## Work order:
Could you print, exactly as they stand, the lines from the one holding "Obraz premium A" to the end of the data below, and nothing more?

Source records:
--- --- ---
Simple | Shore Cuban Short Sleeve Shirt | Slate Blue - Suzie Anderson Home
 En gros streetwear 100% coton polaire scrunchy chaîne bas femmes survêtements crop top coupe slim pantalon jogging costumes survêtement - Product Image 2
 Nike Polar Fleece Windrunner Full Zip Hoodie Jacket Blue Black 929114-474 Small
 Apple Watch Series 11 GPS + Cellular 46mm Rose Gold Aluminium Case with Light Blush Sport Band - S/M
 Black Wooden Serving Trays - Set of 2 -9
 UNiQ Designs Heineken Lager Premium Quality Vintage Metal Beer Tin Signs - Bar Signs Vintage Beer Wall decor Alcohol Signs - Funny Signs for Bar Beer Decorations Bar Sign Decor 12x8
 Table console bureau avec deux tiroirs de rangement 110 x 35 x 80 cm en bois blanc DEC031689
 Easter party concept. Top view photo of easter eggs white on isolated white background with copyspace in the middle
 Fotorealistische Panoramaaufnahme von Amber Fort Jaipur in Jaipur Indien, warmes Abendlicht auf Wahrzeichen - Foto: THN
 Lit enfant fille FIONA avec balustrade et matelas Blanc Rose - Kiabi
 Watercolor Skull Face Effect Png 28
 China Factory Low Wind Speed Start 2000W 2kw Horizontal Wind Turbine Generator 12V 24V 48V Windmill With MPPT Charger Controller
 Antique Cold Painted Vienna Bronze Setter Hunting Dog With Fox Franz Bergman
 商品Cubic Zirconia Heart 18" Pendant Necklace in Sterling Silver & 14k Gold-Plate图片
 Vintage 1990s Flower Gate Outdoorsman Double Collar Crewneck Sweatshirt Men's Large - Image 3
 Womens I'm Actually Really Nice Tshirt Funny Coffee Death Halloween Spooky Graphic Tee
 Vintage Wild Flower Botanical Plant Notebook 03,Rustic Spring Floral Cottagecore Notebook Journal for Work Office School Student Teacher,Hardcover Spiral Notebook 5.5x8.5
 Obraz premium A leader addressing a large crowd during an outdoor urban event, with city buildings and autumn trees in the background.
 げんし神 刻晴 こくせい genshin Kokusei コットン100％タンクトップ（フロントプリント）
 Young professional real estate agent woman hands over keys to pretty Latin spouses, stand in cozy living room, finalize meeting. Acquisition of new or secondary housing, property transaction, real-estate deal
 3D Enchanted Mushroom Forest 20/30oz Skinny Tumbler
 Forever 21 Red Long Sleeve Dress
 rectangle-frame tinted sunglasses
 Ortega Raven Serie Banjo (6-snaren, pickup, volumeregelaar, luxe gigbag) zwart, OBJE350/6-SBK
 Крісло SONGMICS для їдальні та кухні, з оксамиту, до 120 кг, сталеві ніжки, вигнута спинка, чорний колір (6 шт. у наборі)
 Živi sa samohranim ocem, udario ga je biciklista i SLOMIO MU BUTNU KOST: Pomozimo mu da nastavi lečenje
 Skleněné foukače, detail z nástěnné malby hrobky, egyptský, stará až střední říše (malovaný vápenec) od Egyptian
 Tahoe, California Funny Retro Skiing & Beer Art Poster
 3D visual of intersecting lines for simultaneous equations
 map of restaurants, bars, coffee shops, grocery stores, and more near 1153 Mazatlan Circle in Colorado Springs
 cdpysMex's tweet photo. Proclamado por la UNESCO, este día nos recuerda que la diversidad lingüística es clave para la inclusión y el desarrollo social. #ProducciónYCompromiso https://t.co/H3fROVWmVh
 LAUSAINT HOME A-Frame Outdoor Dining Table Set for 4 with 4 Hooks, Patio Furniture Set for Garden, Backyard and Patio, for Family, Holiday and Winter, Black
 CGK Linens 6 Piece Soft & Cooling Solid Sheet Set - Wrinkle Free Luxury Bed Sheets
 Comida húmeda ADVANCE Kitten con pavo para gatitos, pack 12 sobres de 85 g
--- --- ---
## Answer for the task:
 Obraz premium A leader addressing a large crowd during an outdoor urban event, with city buildings and autumn trees in the background.
 げんし神 刻晴 こくせい genshin Kokusei コットン100％タンクトップ（フロントプリント）
 Young professional real estate agent woman hands over keys to pretty Latin spouses, stand in cozy living room, finalize meeting. Acquisition of new or secondary housing, property transaction, real-estate deal
 3D Enchanted Mushroom Forest 20/30oz Skinny Tumbler
 Forever 21 Red Long Sleeve Dress
 rectangle-frame tinted sunglasses
 Ortega Raven Serie Banjo (6-snaren, pickup, volumeregelaar, luxe gigbag) zwart, OBJE350/6-SBK
 Крісло SONGMICS для їдальні та кухні, з оксамиту, до 120 кг, сталеві ніжки, вигнута спинка, чорний колір (6 шт. у наборі)
 Živi sa samohranim ocem, udario ga je biciklista i SLOMIO MU BUTNU KOST: Pomozimo mu da nastavi lečenje
 Skleněné foukače, detail z nástěnné malby hrobky, egyptský, stará až střední říše (malovaný vápenec) od Egyptian
 Tahoe, California Funny Retro Skiing & Beer Art Poster
 3D visual of intersecting lines for simultaneous equations
 map of restaurants, bars, coffee shops, grocery stores, and more near 1153 Mazatlan Circle in Colorado Springs
 cdpysMex's tweet photo. Proclamado por la UNESCO, este día nos recuerda que la diversidad lingüística es clave para la inclusión y el desarrollo social. #ProducciónYCompromiso https://t.co/H3fROVWmVh
 LAUSAINT HOME A-Frame Outdoor Dining Table Set for 4 with 4 Hooks, Patio Furniture Set for Garden, Backyard and Patio, for Family, Holiday and Winter, Black
 CGK Linens 6 Piece Soft & Cooling Solid Sheet Set - Wrinkle Free Luxury Bed Sheets
 Comida húmeda ADVANCE Kitten con pavo para gatitos, pack 12 sobres de 85 g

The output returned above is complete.